Race and the city
Johannesburg is the only city I have ever lived in by my own adult design. All other cities I was either born to – Bridgetown, Barbados – or moved to by my parents – Ile-Ife, Nigeria and Cape Town, South Africa – but Jo’burg I chose, bundling myself from a good job in Cape Town to my father’s spare bedroom to write. When luck and hard work paid off and I was able to get my own place, I chose to stay on.
Almost six years have passed. When I decided to remain, it took a while to find a place I could afford that I also liked. My criterion was simple if whimsical – natural light. After much looking, I found 70 square metres of space, not including the balcony that is barely the width of one stride.

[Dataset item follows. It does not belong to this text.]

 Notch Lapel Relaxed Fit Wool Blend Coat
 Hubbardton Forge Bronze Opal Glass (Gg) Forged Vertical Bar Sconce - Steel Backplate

While my reasons for coming to Jo’burg were practical, there were other reasons for staying, including a sense of fatigue with regard to Cape Town (a city in which I had spent 20 years of my life) and its veneer of sincere liberality covering up segregation, white fragility and truckloads of wilful ignorance.
I don’t claim that everyone who stays in Cape Town is comfortable with the subtle ways in which racism prevails but I do notice an assortment of responses when I tell people I moved to Jo’burg from Cape Town and, while I hate to generalize, the comments are usually quite commensurate with if not the person’s race or nationality, then at least their politics. A certain kind of white South African, for instance, is often perplexed: ‘Jo’burg is so ugly,’ they might say, or ‘You’re going the wrong way.’
Another kind of South African might understand instantly how Cape Town can resemble a final bastion of colonial rule, black workers and white owners, and how dispiriting it might be to live in such an environment. The odd black South African might scoff at my relishing of Johannesburg’s diversity, proclaiming their love of Cape Town: ‘…so what if the only other blacks I see are waiting tables, I want my piece of mountain and sea!’
On the radio the other day, on political analyst and writer Eusebius McKaiser’s show, a white man with an American accent phoned in. He expressed fatigue at how everything now was about race or gender or sexuality. He stopped short of saying that he was fed up but asked if everything had to lead in one of these three directions. I suspect he was also heterosexual.
Was he complaining about being called out? I wondered. Regardless, what struck me about his complaint was that it was the corollary of mine. I prefer Johannesburg because it is what it appears to be. Perhaps this can double as an answer to the radio-caller: so much has gone unsaid for so long, veiling prejudice and plain old wickedness; finally, we are crawling into a time when we can discuss race, gender and sexuality – don’t complain, rejoice.
Joburg is eGoli, City of Gold, a town where race exists but money presides and in between are the soft places where people meet, fall in love, play, cry – all the small moments that fill up a life. Whereas Cape Town always occurred to me as the house scrubbed clean for guests but whose natural state is mired in grime, its mountain and sea necessary panaceas for all the haunted hushed histories.
Jo’burg has no such trappings to help it shine, it does not reach towards an idealized beauty, it is at turns rough, plain and even terrifying. It doesn’t always look good, but it feels true and at least for now, for me, that seems most important.